Steve Swett (Head of Investor Relations)
Good afternoon, and thank you for joining us for Peakstone Realty Trust's First Quarter 2025 Earnings Call and Webcast. Earlier today, we posted an earnings release, supplemental, and updated investor presentation to the investors' page on our website at www.pkst.com. Please reach out to our investor relations team at [email protected] with any questions. The company will be making forward-looking statements, which include any statements that are not historical facts on today's webcast. Such forward-looking statements are based on expectations that involve risks and uncertainties that could cause actual results to differ materially. For further discussion of risks related to our business, please see our annual report on Form 10-K and subsequent filings with the SEC. Additionally, on this call, the company may refer to certain non-GAAP financial measures, such as funds from operations, core funds from operations, adjusted funds from operations, EBITDA RE, and adjusted EBITDA RE.
You can find a tabular reconciliation of these non-GAAP financial measures comparable to most currently GAAP numbers in the company's earnings release and filings with the SEC. On the call today are Mike Escalante, CEO and President, and Javier Bitar, CFO. With that, I'll hand the call over to Mike.
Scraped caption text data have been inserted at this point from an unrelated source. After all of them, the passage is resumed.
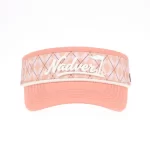 Pink argyle golf visor with dimensional silicone front logo, front view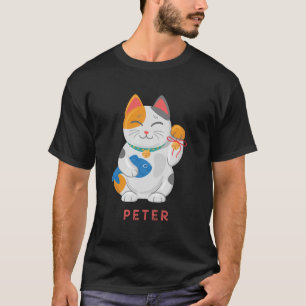 Camiseta Japonés Maneki Neko Gato Blanco, símbolo de buena 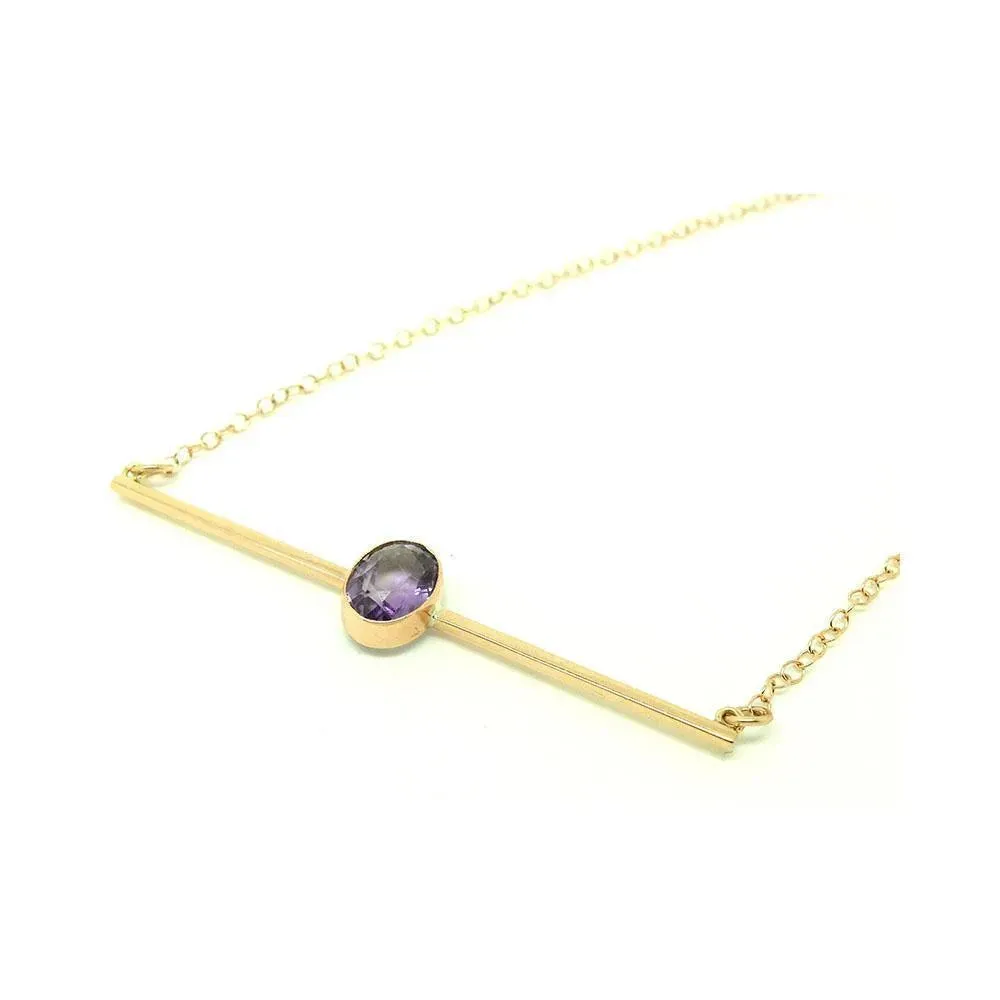 Antique Victorian Amethyst 9ct Rose Gold Bar Necklace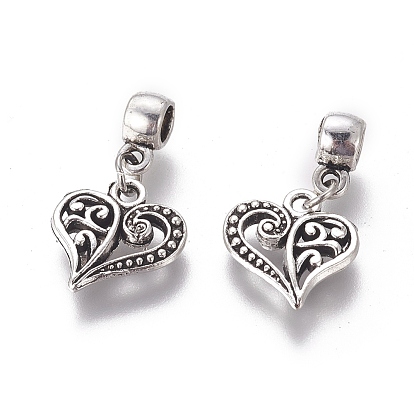 Alloy European Dangle Charms, Large Hole Beads, Heart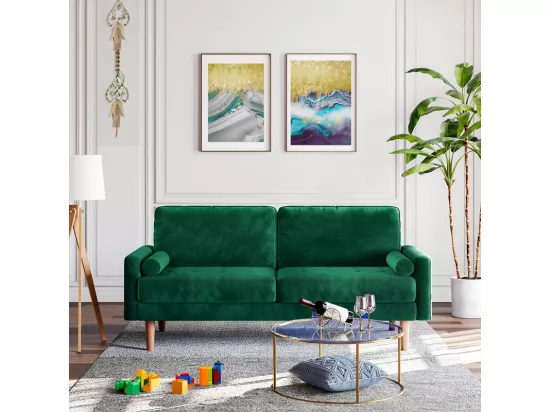 Canapé droit en Velours vert et bois massif - 3 places - charge max 300kg - 176x78x85cm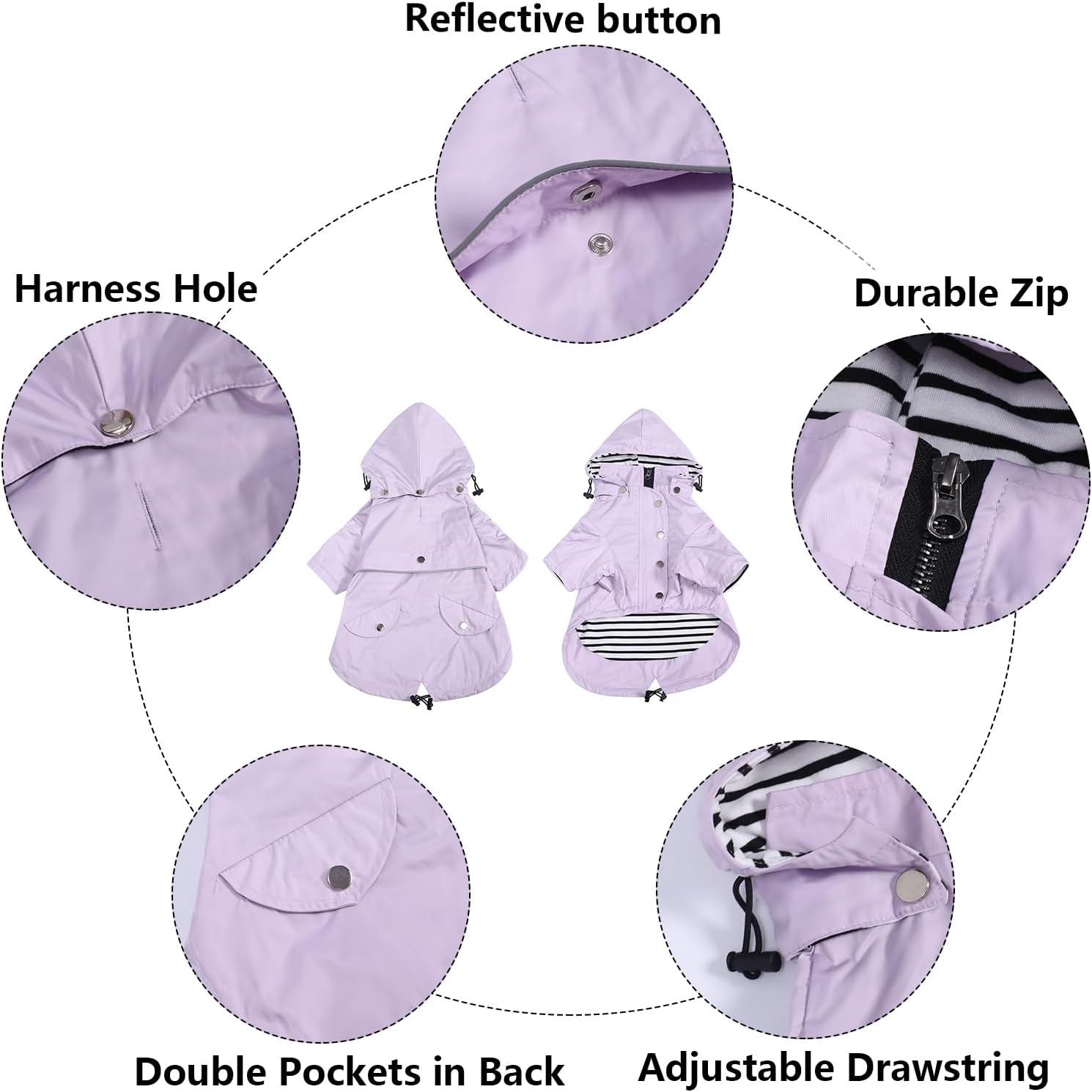 Detalle de Morezi Dog Zip Up Raincoat with Reflective Buttons – Purple, Medium (4kg–36kg) for Small to Medium Dogs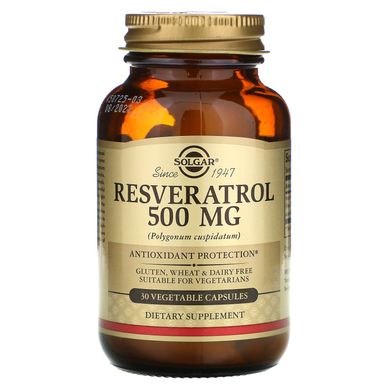 Ресвератрол, Resveratrol, Solgar, 500 мг, 30 капсул на растительной основе, SOL-31045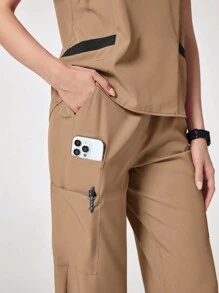 TaskEZ Contrast Color Patchwork Short Sleeve Top & Pants Nurse Uniform Scrub Set - Khaki - View 6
Mike Escalante (CEO and President)
Good afternoon, and thank you for joining our call today. We continue to make meaningful progress on our strategic transition to an industrial REIT, with growth in the Industrial Outdoor Storage, or IOS Subsector serving as the cornerstone of this transformation. As part of this strategy, we are actively reshaping the portfolio through the targeted IOS growth initiatives and strategic asset sales, primarily focused on the office segment. This quarter, we increased industrial segment ABR by $2.4 million quarter over quarter, driven by a 10% rise in ABR from our IOS properties, underscoring the strong fundamentals and the compelling growth trajectory of our high-quality IOS assets. On the disposition front, we've closed $144 million of office asset sales year to date, advancing our efforts to better align the portfolio with our long-term strategic goals.
Thanks to strong leasing across our IOS portfolio and the continued execution of these office sales, industrial segment ABR represented 41% of total ABR at quarter end and 43% on a pro forma basis after giving effect to office dispositions completed subsequent to quarter end. Leasing activity related to our IOS assets played a central role in this quarter's industrial ABR growth, and we'd like to provide more detail on the transactions that drove this performance. Most notably, we fully leased our largest IOS redevelopment property, 37 usable acres in Everett, Washington, largely on a no-cost basis to a local lumber mill operator. This full-site, 9.8-year lease contributed approximately $1.7 million of incremental ABR to our industrial segment and contains 8% annual rent escalations on average.
While the initial rent is below market, completing this lease without the anticipated redevelopment spend enabled us to drive a meaningful increase in our IOS ABR and quickly achieve in-place yields of 5.9% on a cash basis and 8.8% on a GAAP basis. This lease provides a path to higher rent and enhances the internal growth profile of our IOS portfolio. Additional leasing activity, highlighting the strong mark-to-market opportunities in our IOS portfolio, included the commencement of a new 6.5-year lease for 3.3 usable acres at our Mableton, Georgia, property, which added $0.3 million in ABR during the quarter. This lease includes 3.5% annual escalations and resulted in weighted average releasing spreads of 105% on a cash basis and 218% on a GAAP basis.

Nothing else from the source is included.